Reza o conceito democrático que metade mais um dos votos válidos de uma eleição, habitualmente conhecido como maioria simples, confere ao candidato escolhido a condição de vencedor. Mais do que consensual, o método é matemático e vale como regra, já que não há outra forma de estabelecer um referencial quando se trata de alçar um cidadão comum a um cargo público, principalmente quando se trata da presidência da República. Dilma Rouseff venceu sim, mas não com esmagadora maioria dos votos, o que limita a questão do consenso. Em uma eleição marcada por difamações, cinismo e troca de farpas, a história registra mais uma vez a derrota do candidato Serra, desta feita para aquela que será a primeira presidente mulher deste país.

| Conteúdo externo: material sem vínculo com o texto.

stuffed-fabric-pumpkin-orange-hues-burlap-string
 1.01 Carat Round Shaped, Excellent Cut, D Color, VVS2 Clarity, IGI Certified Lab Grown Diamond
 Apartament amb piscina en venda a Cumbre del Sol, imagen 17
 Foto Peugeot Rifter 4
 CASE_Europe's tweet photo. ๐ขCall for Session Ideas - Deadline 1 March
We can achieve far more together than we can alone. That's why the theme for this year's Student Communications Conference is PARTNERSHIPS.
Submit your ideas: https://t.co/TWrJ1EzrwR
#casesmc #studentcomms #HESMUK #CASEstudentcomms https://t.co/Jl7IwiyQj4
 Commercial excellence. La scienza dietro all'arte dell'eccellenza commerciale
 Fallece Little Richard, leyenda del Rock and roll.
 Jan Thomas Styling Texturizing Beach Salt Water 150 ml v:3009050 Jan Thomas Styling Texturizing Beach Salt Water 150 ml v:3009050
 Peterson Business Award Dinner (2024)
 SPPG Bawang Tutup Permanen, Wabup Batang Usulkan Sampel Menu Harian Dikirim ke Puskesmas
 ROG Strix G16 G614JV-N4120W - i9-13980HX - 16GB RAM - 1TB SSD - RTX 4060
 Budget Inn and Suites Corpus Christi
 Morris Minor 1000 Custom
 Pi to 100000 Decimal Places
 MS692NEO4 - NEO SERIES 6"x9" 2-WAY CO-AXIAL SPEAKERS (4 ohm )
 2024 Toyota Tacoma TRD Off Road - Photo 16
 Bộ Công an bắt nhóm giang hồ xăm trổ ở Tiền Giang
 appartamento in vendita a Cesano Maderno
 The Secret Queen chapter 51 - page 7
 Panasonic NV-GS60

Os números comprovam a divisão do eleitor brasileiro, não apenas no que diz respeito a escolha do candidato, mas no aspecto sócio-econômico: Serra teve maioria no Sul e em São Paulo, principal colégio eleitoral do país; Dilma venceu com ampla vantagem em todo o Norte/ Nordeste e em Minas, outro colégio de expressão. Não é preciso ser nenhuma assumidade para saber que a vitória de Dilma (uma completa desconhecida do público leigo antes de assumir o ministério de minas e energia e depois a chefia da casa civil) decorre da gestão Lula, que em seus 8 anos de governo equilibrou a distribuição de renda e melhorou as condições de vida das populações menos favorecidas. Nesse ponto, é inquestionável a atuação do mandatário da república.
O que aconteceu depois é uma outra história. Lula confundiu a figura de presidente com suas ambições pessoais e, mal assessorado, caiu na besteira de apoiar governos totalitários como o Irã, a Venezuela ou Cuba e deu adeus às suas ambições internacionais. Deu apoio à sarney na crise do congresso, aceitou o apoio de collor, teceu críticas à situações que não lhe diziam respeito como um cidadão comum, não como um estadista (não esqueci do mensalão, mas não vou mencioná-lo porque não se trata de um invento do PT, embora tenha ganho dimensões extraordinárias sob sua gestão). Mesmo a escolha de Dilma, antes de ser um consenso do partido que o elegeu, é outra decisão pessoal. Com tantas "estrelas" a brilhar em seu partido, como bem lembrou Ferreira Gullar na Folha deste domingo, a escolha de Dilma deve-se, possivelmente, ao desejo do presidente em se reeleger na disputa de 2014. Tudo dependerá de como Dilma conduzirá a questão até lá.
Dilma não representa, portanto, nenhum modelo de administração diferenciado que tenha gerado resultados expressivos ou ideias inovadoras. A "mãe do PAC" (Putz, Arranquei a Cortina!), pelo contrário, conta (ou contou) com gente em sua equipe incapaz de não confundir o público com o privado e é tão articulada no uso da língua portuguesa quanto um aluno de segundo grau. É, na prática, fruto do Lulismo, que conta com crédito suficiente junto à população para eleger um presidente, ainda que sua trajetória política não conte com nada de extraordinário. Eu, particularmente, não tenho nenhum apreço por figuras que se julgam superiores e que passam, em última instância, ares de prepotência e arrogância quando se dirigem a jornalistas ou ao público comum. Sei também que isso pouco importa. O que devemos cobrar são resultados, que passam pela continuidade da evolução econômica deste país e pelo saneamento do congresso, antro de bandidos e corruptos.
A votação expressiva de Lula, há oito anos, refletiu o desejo de mudança do povo. Dilma, hoje, significa sua continuidade. Eu e mais 190 milhões de brasileiros lhe desejamos sorte, Dilma.